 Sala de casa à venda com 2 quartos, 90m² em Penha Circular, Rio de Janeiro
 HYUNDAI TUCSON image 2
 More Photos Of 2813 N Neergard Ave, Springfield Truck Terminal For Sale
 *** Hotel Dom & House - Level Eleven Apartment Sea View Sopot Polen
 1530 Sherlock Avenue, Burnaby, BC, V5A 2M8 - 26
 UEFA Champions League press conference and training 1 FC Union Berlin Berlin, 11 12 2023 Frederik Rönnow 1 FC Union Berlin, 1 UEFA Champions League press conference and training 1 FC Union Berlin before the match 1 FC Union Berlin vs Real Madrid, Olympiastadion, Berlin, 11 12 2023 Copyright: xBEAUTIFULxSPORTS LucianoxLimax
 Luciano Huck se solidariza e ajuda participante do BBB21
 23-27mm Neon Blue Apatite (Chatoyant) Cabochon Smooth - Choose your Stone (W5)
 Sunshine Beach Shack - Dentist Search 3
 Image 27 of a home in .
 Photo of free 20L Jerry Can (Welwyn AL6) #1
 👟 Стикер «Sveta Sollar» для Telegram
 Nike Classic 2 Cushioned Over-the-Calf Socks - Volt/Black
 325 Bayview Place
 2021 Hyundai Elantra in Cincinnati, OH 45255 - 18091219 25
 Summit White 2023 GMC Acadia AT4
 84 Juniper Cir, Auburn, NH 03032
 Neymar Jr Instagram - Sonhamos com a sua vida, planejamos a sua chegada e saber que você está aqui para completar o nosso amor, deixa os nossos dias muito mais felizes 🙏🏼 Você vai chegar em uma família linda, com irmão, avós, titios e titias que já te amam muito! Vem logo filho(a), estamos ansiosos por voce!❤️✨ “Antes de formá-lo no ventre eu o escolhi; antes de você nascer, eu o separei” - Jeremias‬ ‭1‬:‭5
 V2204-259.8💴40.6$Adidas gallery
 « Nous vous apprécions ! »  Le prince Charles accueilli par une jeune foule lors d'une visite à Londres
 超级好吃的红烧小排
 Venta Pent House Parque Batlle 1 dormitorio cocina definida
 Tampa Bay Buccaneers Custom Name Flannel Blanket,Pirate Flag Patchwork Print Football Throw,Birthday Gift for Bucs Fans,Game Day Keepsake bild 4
- - - - -
WHAT TO WORK ON: If a line in the records includes the string "House", copy it.

EXERCISE OUTPUT:
 *** Hotel Dom & House - Level Eleven Apartment Sea View Sopot Polen
 Venta Pent House Parque Batlle 1 dormitorio cocina definida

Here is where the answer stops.